I revived and unbroke them as part of DTrace for Linux (see e.g. https://oss.oracle.com/git/gitweb.cgi?p=dtrace-linux-kern...) because this argument only applies to process-directed waitpid() results: ptrace() is thread-directed, so if you kick off a new thread to handle the requests from other threads it cannot see any of the waitpid() results, and the thread that can see the waitpid() results isn't able to poll on the requests because it's too busy doing a waitpid() :( you'd have to busywait, or poll with pauses, and thus add huge latencies to signal handling in all your traced children: no thanks.

Rethinking race-free process signaling

Posted Apr 8, 2019 20:41 UTC (Mon) by jkowalski (guest, #131304) [Link] (2 responses)

There were plans of making the non-proc pidfds pollable and readable, but if you go with /proc descriptors you need to implement all of that over the dir fd's file ops.

That's not very problematic (from an API perspective it is very weird, but not internally), but my idea was pidfd_open could take some wait flags as waitfd did (and check if you're one of parent or real_parent, and only return a readable descriptor), among other things, and that intent cannot be described easily when opening a directory in /proc.

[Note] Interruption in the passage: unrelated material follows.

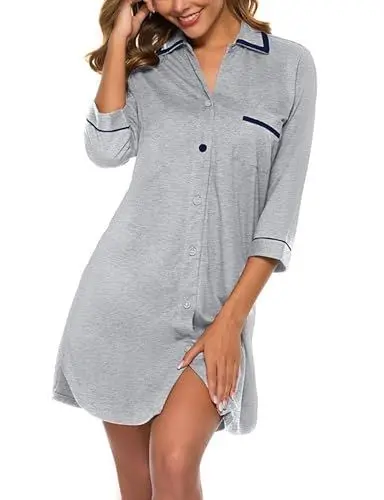 Produktbild: COLORFULLEAF Nachthemd Damen Langarm Baumwolle Stillnachthemd Damen Schlafshirt mit Knopfleiste Hemdkleid(Grau,S)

This means everyone can poll but perhaps only parents (real or tracing) would be able to open a readable instance.

I can only hope this is taken into consideration (I raised this exact problem as I ran into it as well), and /proc descriptor stuff be removed, as it brings more problems for future extensions.

You could ofcourse resurrect a waitfd too, again, but I see no point when you could return a pollable/readable descriptor from clone and pidfd_open (and possibly even disable termination signals and autoreap them - the whole act of waiting is asynchronous). It also has a nice touch of consistency to it (and the fact that resources in a different namespace suddenly aren't addressable and can be taken a reference to from a different namespace - the filesystem), in that sense pidfd_open isn't very different from open, but it works like open only on PIDs you can *see* (unlike /proc, which is leaky across shared mount namespaces but separate PID namespaces).

Rethinking race-free process signaling

Posted Apr 9, 2019 3:54 UTC (Tue) by quotemstr (subscriber, #45331) [Link]

For the moment, Linus seems to be of the opinion that pidfd_open would be redundant. I can't say I disagree.

Rethinking race-free process signaling

Posted Apr 9, 2019 15:12 UTC (Tue) by nix (subscriber, #2304) [Link]

You can use pidfd for reaping, but can you use it for waitpid() in particular? ptrace() results are not only thread-directed but also only defined in terms of waitpid() output: most of the other wait-a-likes will not suffice (e.g. waitid() throws too much information away).

(If pidfds also wake you up when non-termination waitpid() results would be returned iff you did a waitpid(.., WNOHANG), then they do seem like a complete replacement for waitfd, which is great because it means I can drop another annoying invasive patch!)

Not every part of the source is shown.